Level 3 – Introduction to Change Ringing

Level 3 takes ringers from Called Changes to Change Ringing, building up to ringing the treble and covering to methods.

Recent Achievers

Hattie Bird
William Rogers
Harry Thorne-Henderson

Start change ringing

The ultimate goal for most bell ringers is to ring changes. This is when bell ringers follow a pattern called a method, in which the bells change the order in which they strike at every stroke.

You'll learn about the structure of methods, how to remember them and how to control your bell so that it strikes in the right place. There is often some theory and reading to do, but your teacher will help out with advice.

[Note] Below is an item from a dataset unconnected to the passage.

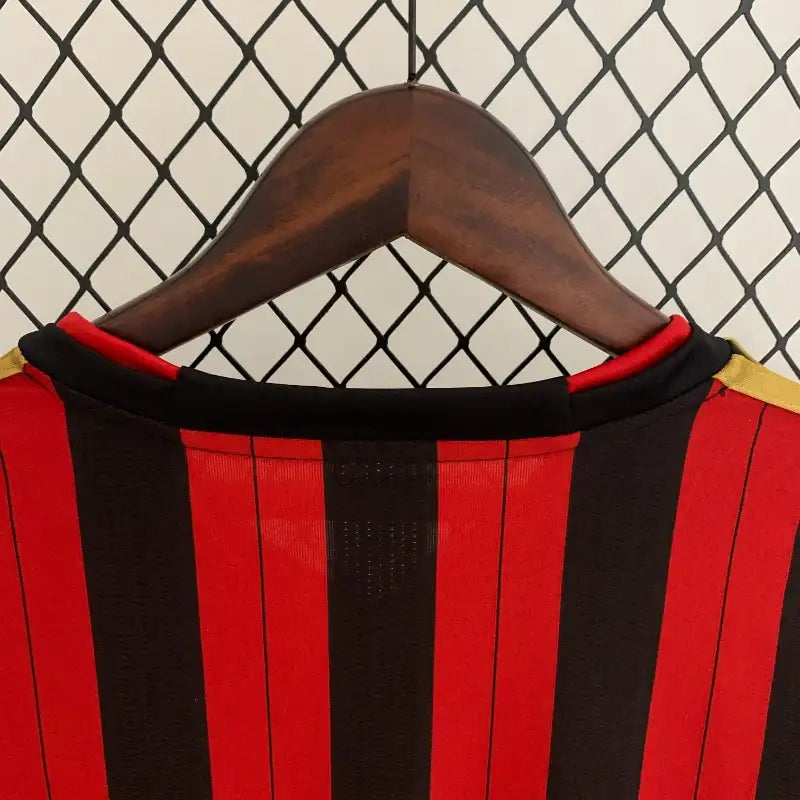 AC Milan 2013/14 Home Long Sleeve - Retro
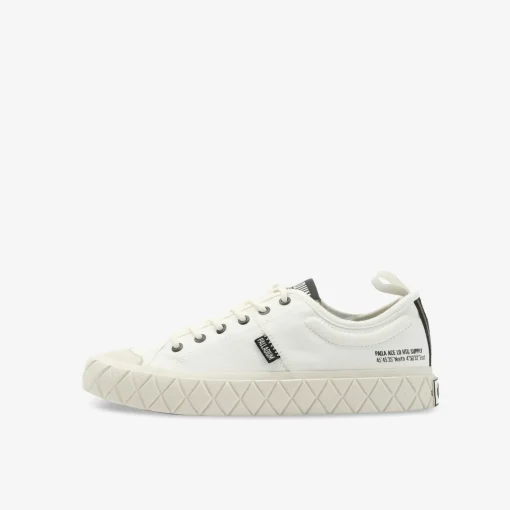 PALLADIUM PALLA ACE LO SUPPLY STAR Damen Leinenschuh-Damen Halbschuhe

Level 3 introduces the fundamental ringing pattern (method) called ‘Plain Hunt’. You will begin ringing this pattern as part of a group of 3 or 4 bells and ringers, and then work up to ringing with a 5, 6 or even 8 bells and ringers. You will also get your first experience of conducting which involves brief commands to start and stop the ringing of a method pattern.

To complete Level 3, you will ring your first quarter peal using your new ropesight skills to ring a performance piece.

Information for teachers

Level 3 includes Plain Hunt on 3 or more bells, plus trebling and covering to Doubles methods. Conducting begins with saying “Go” and “That’s all” for Plain Hunt on five, and the Level is passed when the ringer completes a quarter peal on the treble to Doubles and a quarter peal on the tenor behind to Doubles. Two quarter peals can be rung on the treble if the tenor is too large or the ringer too small to ring the tenor for Level 3.

The skills of moving the bell through the other bells is developed through Plain Hunt on 3, 4 and 5 bells, starting on different bells, and with an encouragement to count places rather than ringing by numbers. Development of ropesight is aided by ringing the treble to Bastow Minimus, Cloister Doubles, Plain Bob Minimus, Little Bob Minor and Grandsire Doubles.

Other activities include raising and lowering in peal and covering to Plain Hunt or other Doubles methods. Once again, previously developed skills are reinforced.

Theoretical teaching should be based on how to move through bells, counting places, and understanding the concept of a course and after bell. Students should be able to write out Plain Hunt on 3, 4 and 5 in addition to basic start, stop conducting. Additional challenges, where necessary, are to use Original Doubles/Minor, raising/lowering in peal on 6 bells and trebling to varied coursing order methods. Further practice on listening can be done using a simulator.